We know not everyone who likes to build circuitry wants to dive headfirst into the underlying electrical engineering that makes everything work. However, if you want to, now is a great time. Many universities have most or all of their material online and you can even take many courses for free. If you want an endless pool of solved study problems, check out autoCircuits. It can create many different kinds of electronics problems and their solutions.

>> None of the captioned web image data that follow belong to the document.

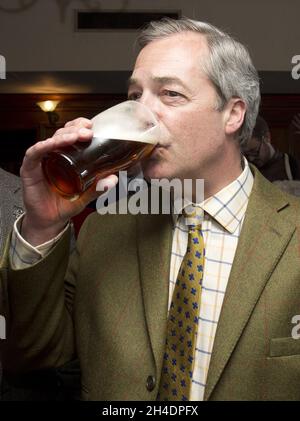 Il leader dell'UKIP Nigel Farage gode di una pinta durante la campagna a Dagenham, Londra orientale, nell'ultimo fine settimana prima dell'elezione del sindaco di Londra giovedì 5. Foto Stock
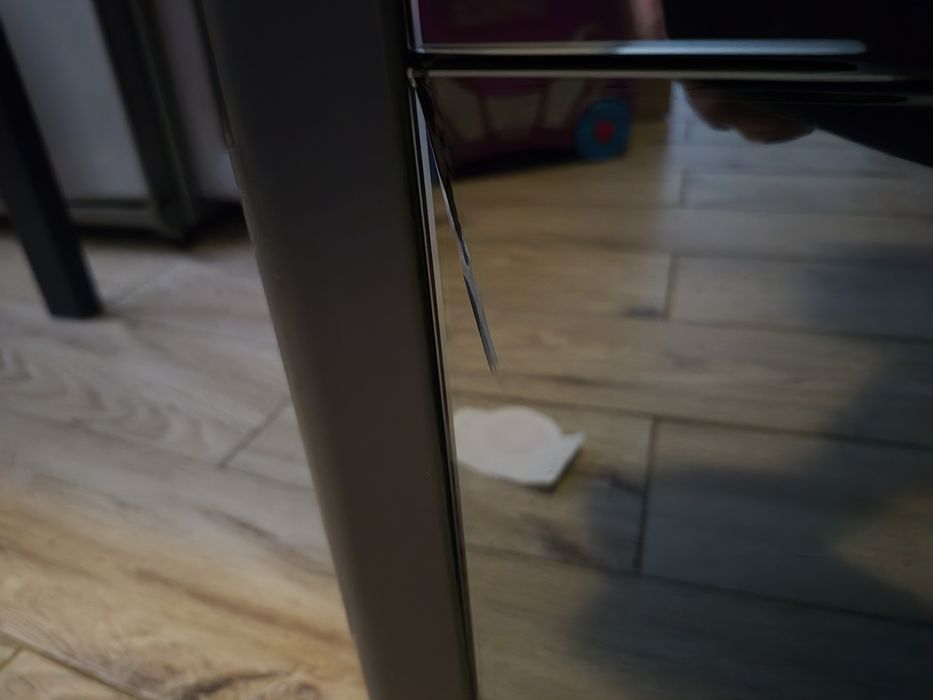 Toaletka z przyciemnianego szkla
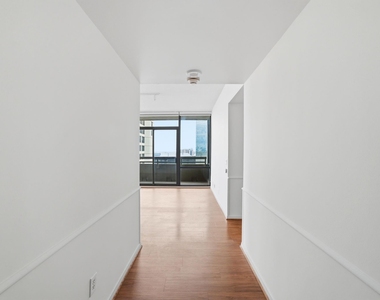 15 Greenway Plaza - Photo Thumbnail 2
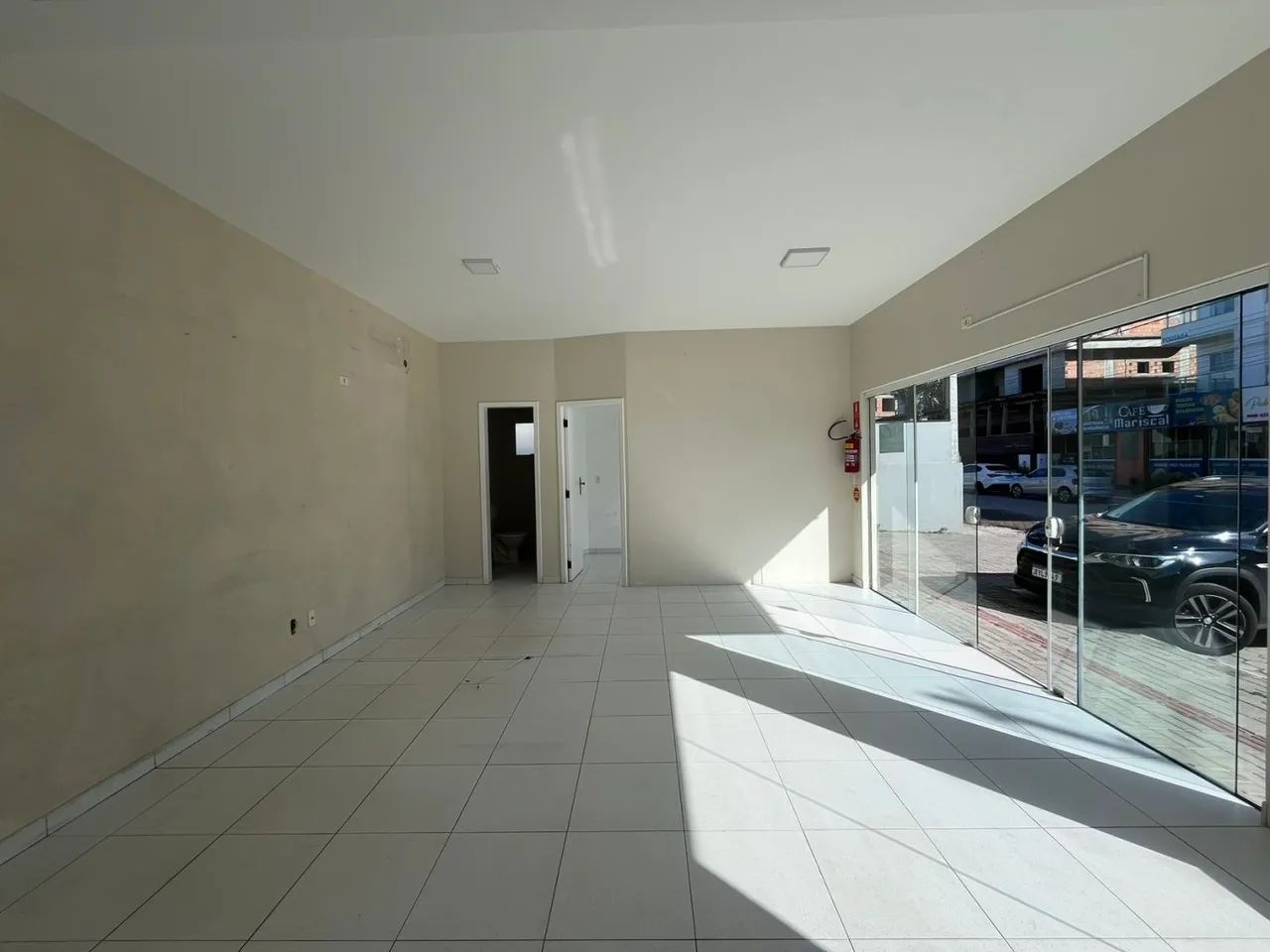 Sala Comercial Térrea com funcionalidade, visibilidade e versatilidade no Mariscal, em Bom - Foto 2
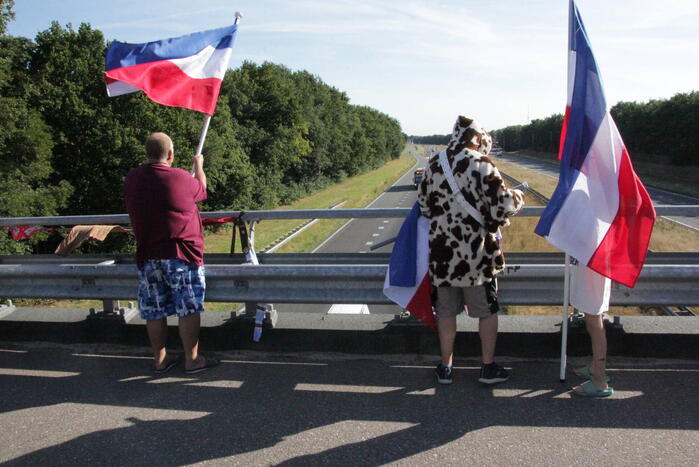 Boeren demonstreren op viaduct van snelweg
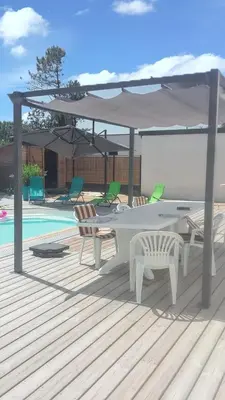 Piscine de l'établissement Villa charmante avec piscine privée à Saint-Jean-de-Monts ou située à proximité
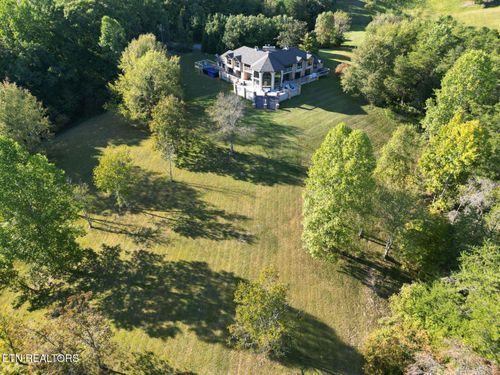 1252 Crestview Dr, Pigeon Forge, TN, 37863-4231 | Card Image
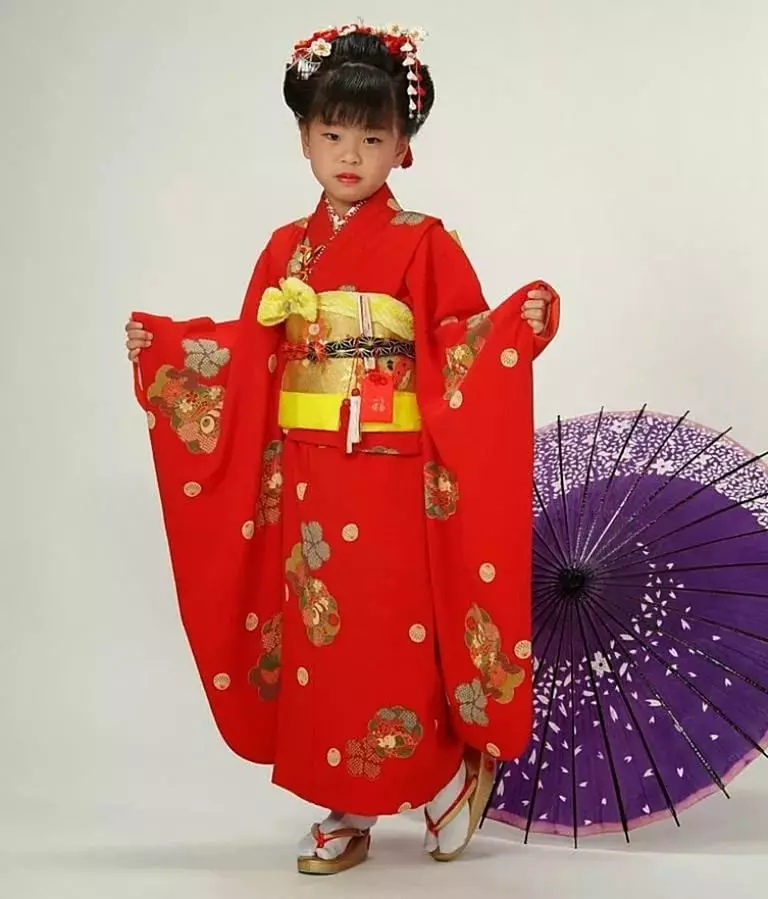 Japanese suit (61 mga larawan): Babae National Outfit Japan, Schoolgirl Girl 1381_41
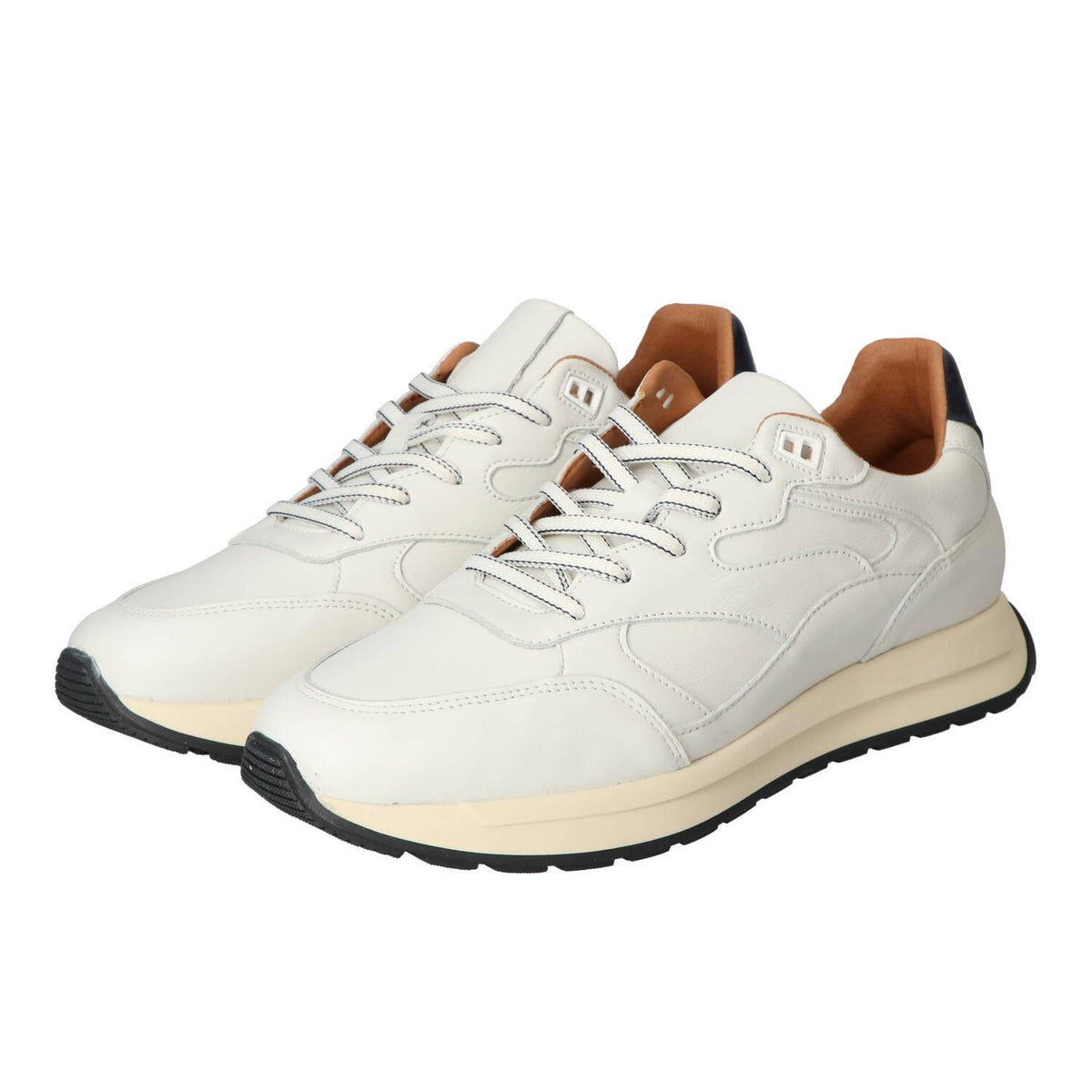 Sneakers, Wit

You can get a totally random circuit, or choose if you want to focus on DC, AC, two-ports, or several other types of problems. You can also alter the general form of the problem. For example, for a DC analysis, you can have it assign circuit values so that the answer is a value such as 45 ohms, or you can have it just use symbols so that the answer might be i4=V1/4R. You even get to pick the difficulty level and pick certain types of problems to avoid. Just be fast. After the site generates a problem, you have 10 seconds to download it before it is gone forever.

The problems range from simple to complex so for example our first screenshot is an easy one.

The program provides the solution, but this one is pretty easy — you just have to combine the parallel and series resistances. With symbolic resistances, the values might have been things like R, 3R, and 9R. Or you can pick to have non-integers like 0.23R or even rational numbers like 22/5 as the multiplying factor.

The program has one other cool feature: you can input a SPICE netlist to plug in your own circuits. There are some restrictions. For example, you can only have 10 nodes and there are some strict naming conventions. In addition, all component values will be selected randomly.

For an example of the SPICE function, try this netlist:

V_1 1 0 AC

C_1 1 2

C_2 1 2

R_1 2 0

.TRAN Solve V(2,0)

The output looks like the screenshot to the right, although yours will almost certainly have different random values:

If like us, you were too lazy to work it out, the output also shows the answer: *v*4(t)=(-4.111 cos(9.4*t*)-4.092 sin(9.4*t*)). Yeah. That’s what we were thinking.

This would be great if you were teaching electronics, too. You could generate an endless amount of homework or quiz questions. [Stephano] offers the service for free and uses software ranging from MATLAB, BLAG, and LaTeX to do its magic.

If you want to brush up on Spice and using it for analysis, we’ve been there. By the way, the first analysis tool you generally learn is nodal analysis and that would be a good first step to solving these kinds of problems.